8. Il résulte de tout ce qui précède que M. E... est fondé à soutenir que c'est à tort que, par le jugement attaqué, le tribunal administratif de Versailles a rejeté sa demande d'annulation du refus opposé à une demande d'instruction en famille. Par suite, la décision du 31 juillet 2023, qui s'est substituée à celle du 3 juillet 2023, doit être annulée.
Sur les conclusions à fin d'injonction :
9. Dès lors qu'il ressort des pièces du dossier que la directrice académique des services départementaux de l'éducation nationale des Yvelines a fait droit à la demande d'instruction en famille pour l'année 2024/2025, par une décision du 27 mai 2024, il n'y a plus de lieu de statuer sur les conclusions tendant à enjoindre à l'administration de délivrer une telle autorisation.

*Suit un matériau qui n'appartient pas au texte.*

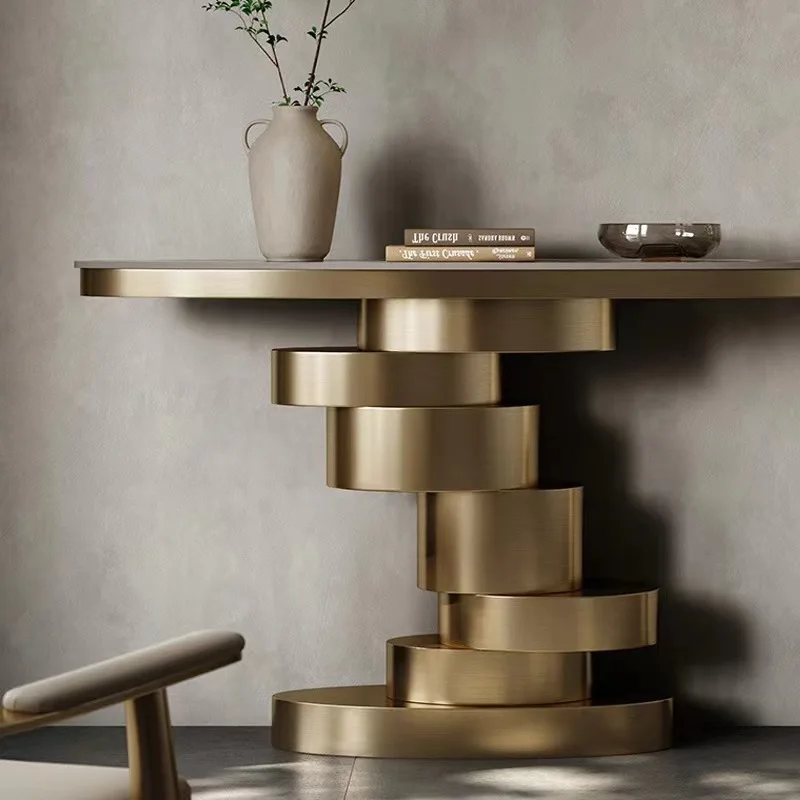 Living Room Newest Luxury Gold Corridor Console Table Modern Nordic Design Stainless Steel Hotel View Platform Console Tables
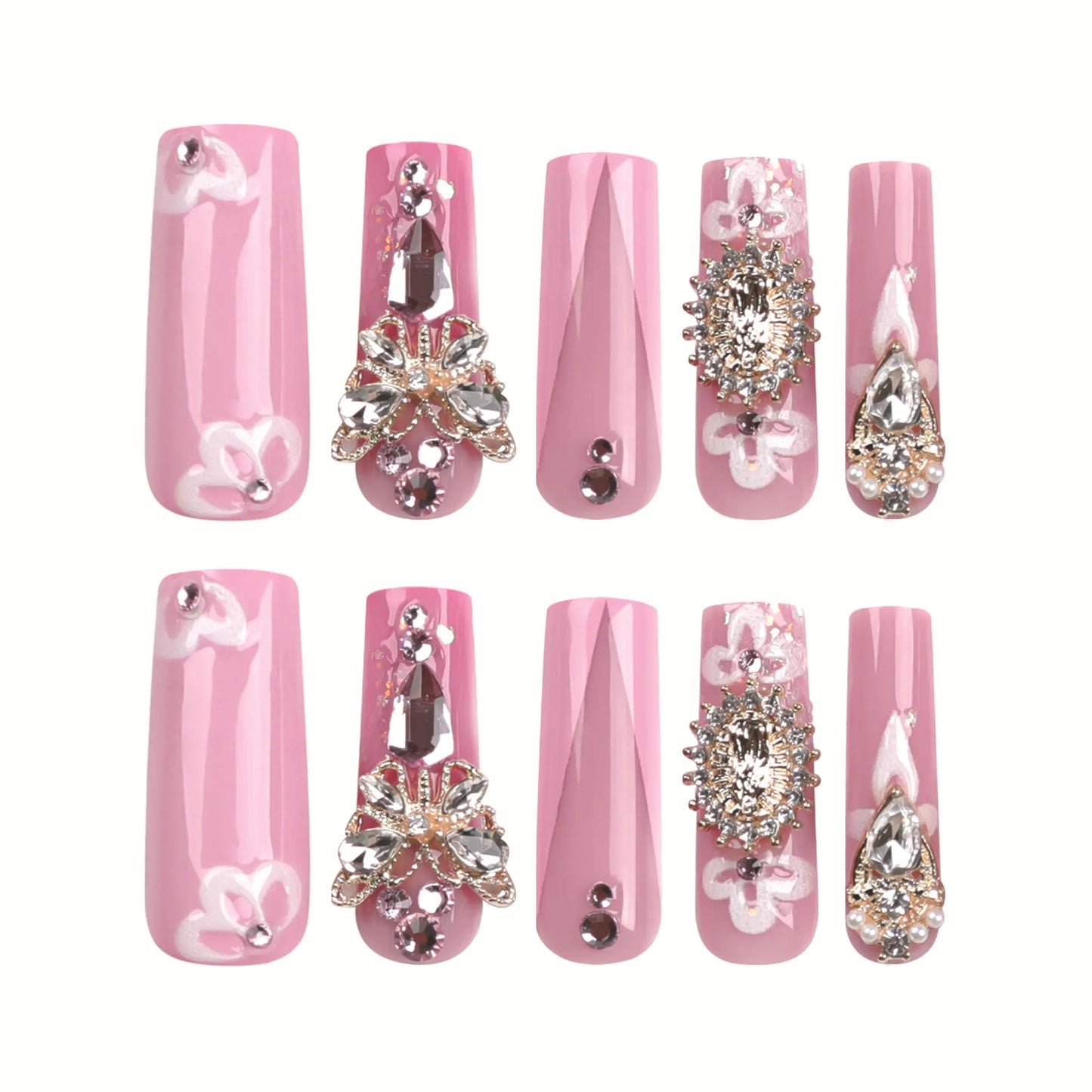 3D Pink French Nail Art with Gold Butterfly Design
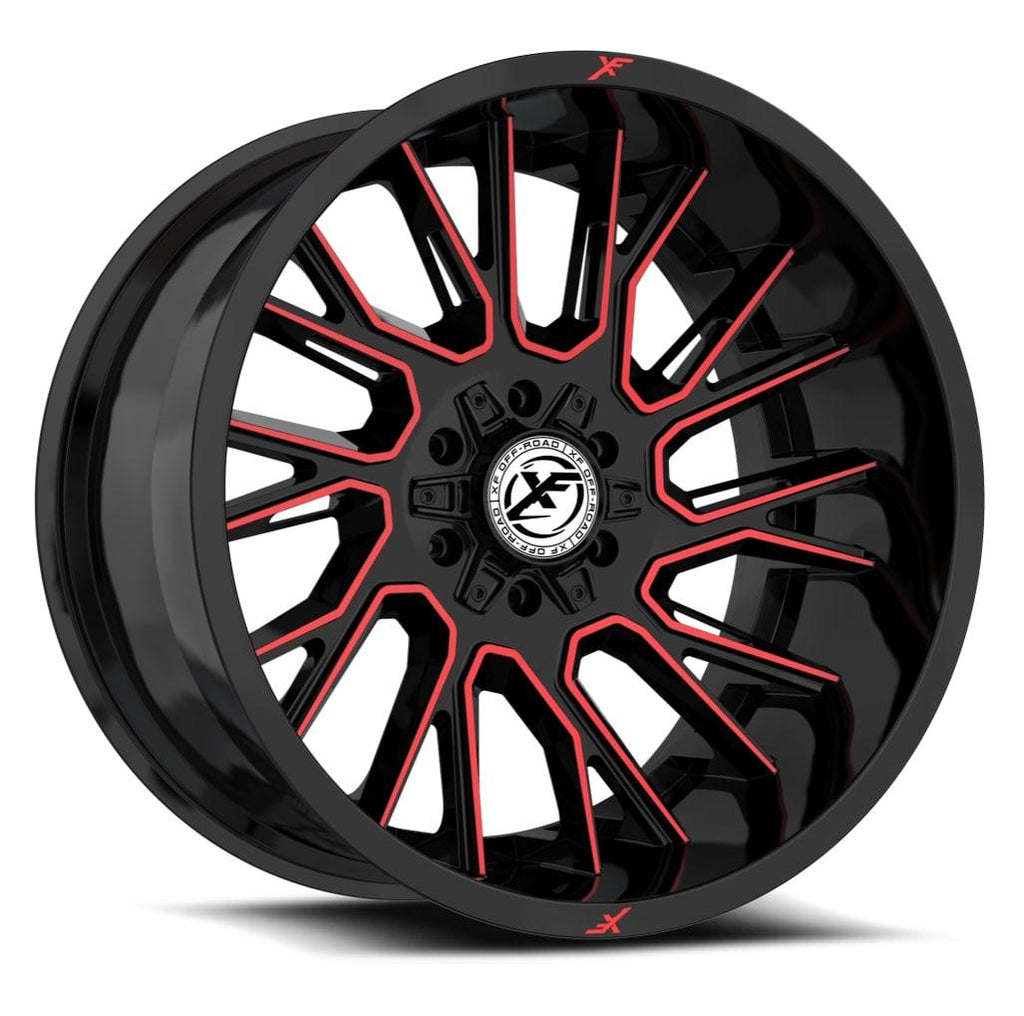 XF OFF-ROAD XF-230 20X10 -24 BLANK 8X GLOSS BLACK & RED MACHINED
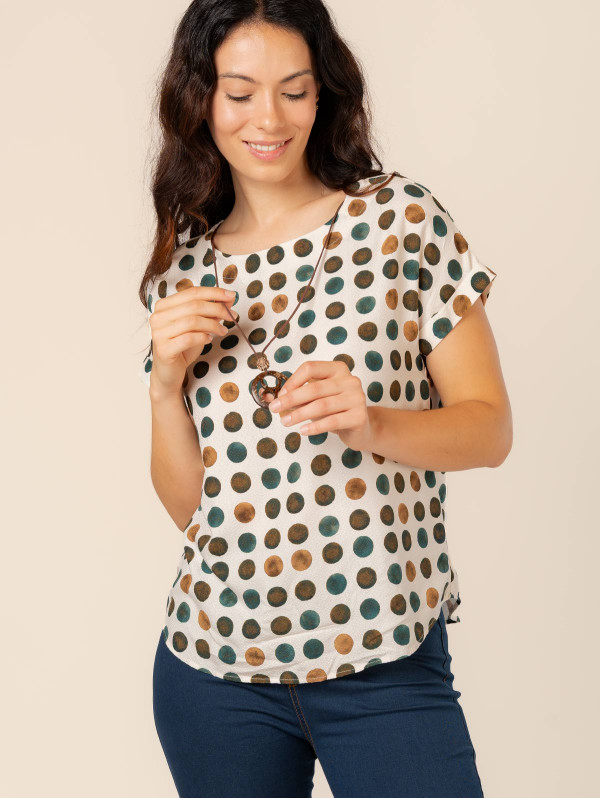 Top imprimé pastilles collier femme | MaBoutiquePlus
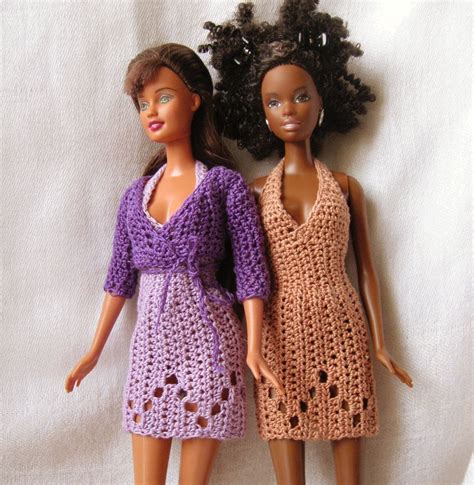 Barbie Doll Crochet Pattern Halter Dress And Wrap Sweater Etsy Barbie Dress Crochet Barbie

Sur les frais liés au litige :
10. Il y a lieu, dans les circonstances de l'espèce, de mettre à la charge de l'Etat la somme de 2 000 euros à verser à M. E... au titre de l'article L. 761-1 du code de justice administrative.
D É C I D E :
Article 1er : Le jugement n° 2305817 du tribunal administratif de Versailles du 6 novembre 2023 est annulé.
Article 2 : La décision du recteur de l'académie de Versailles du 31 juillet 2023 est annulée.
Article 3 : Il n'y a plus lieu de statuer sur les conclusions présentées à fin d'injonction.
Article 4 : L'Etat versera à M. E... la somme de 2 000 euros au titre de l'article L. 761-1 du code de justice administrative.
Article 5 : Le surplus des conclusions de la requête est rejeté.
Article 6 : Le présent arrêt sera notifié à M. E... et au ministre de l'éducation nationale et de la jeunesse.
Copie en sera adressée au recteur de l'académie de Versailles.
Délibéré après l'audience du 21 janvier 2025, à laquelle siégeaient :
M. Etienvre, président de chambre,
M. Pilven, président assesseur,
Mme A..., première conseillere.
Rendu public par mise à disposition au greffe le 12 février 2025
Le rapporteur,
J-E. PilvenLe président,
F. EtienvreLa greffière,
F. Petit-Galland
La République mande et ordonne au ministre de l'éducation nationale et de la jeunesse en ce qui le concerne ou à tous commissaires de justice à ce requis en ce qui concerne les voies de droit commun contre les parties privées, de pourvoir à l'exécution de la présente décision.